The outcome of the HRIG process is expected to be considered by COAG in 2011 and as this is likely to impact on the progression of the Fourth Plan implementation, the MHSC is incorporating this process into its deliberations. Top of page

COAG rationalisation of ministerial councils

Following an independent review of Ministerial Councils by Dr Allan Hawke, COAG members agreed at its meeting of April 2010, to the need to effect fundamental reform to the Ministerial Council system by March 2011. The objective of the review is to focus Councils on national strategic priorities and to explore new ways for COAG and its Councils to identify and address issues of national significance.

COAG has agreed in principle to reforms that will see current Ministerial Councils rationalised to 11 or fewer Councils, overseeing key areas of ongoing importance to both the Commonwealth and the States, including health, education and training, community services, infrastructure, police and emergency services, and financial relations.

The implications of this process on the Fourth Plan predominantly relates to the membership of the Fourth Plan Cross Sectoral Working Group that is tasked with the implementation of the Fourth Plan's objectives in non-health sectors. The membership of this group is mainly comprised of officials representing many Ministerial Councils relevant to mental health and therefore is likely to be impacted by the outcomes of this review in 2011.

AHMAC enquiry into mental health

At its meeting of 10 June 2010, the Australian Health Ministers' Advisory Council (AHMAC) considered the apparent need to better understand stakeholder concerns in relation to the perception of gaps and overlaps in mental health service provision, and in the Fourth Plan.

Along with a diverse range of stakeholders, the MHSC participated in a stakeholder consultation workshop that comprised of three sessions relating to priorities for mental health reform, intergovernmental linkages and the definition of primary mental health care.
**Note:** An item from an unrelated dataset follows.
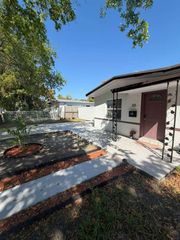 325 NW 135th Street, North Miami, FL 33168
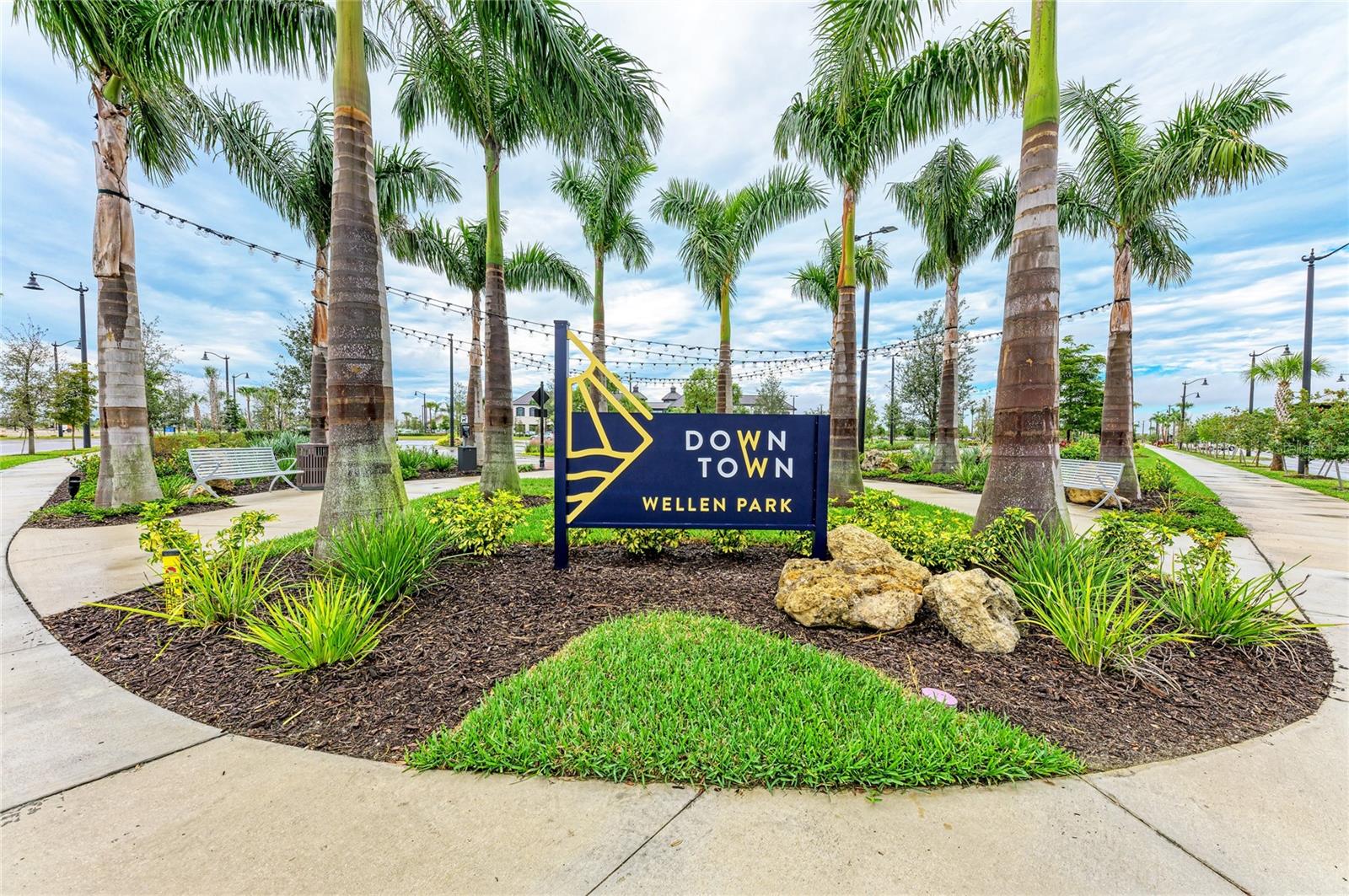 WELLEN PARK GOLF & COUNTRY CLUB - Residential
During this process, many issues were raised including various service delivery issues, workforce issues, integration with social supports, and the need for sustained investment and enhanced partnerships. However, participants also indicated strong support for the implementation of the Fourth Plan as a vehicle that addressed the majority of reform issues.

AHMAC considered the outcomes of this process at their November 2010 Meeting and agreed to progress the issues identified through the HRIG process attending to health reform.Top of page

Immediate future

In the coming months, it is anticipated that much of the additional mental health reform discussion will resolve through the COAG process and will result in clearer objectives for mental health reform across Government. The MHSC will continue to ensure its activity relating to the Fourth Plan and any additional COAG mental health activity is in alignment with emerging priorities by Health Ministers and COAG.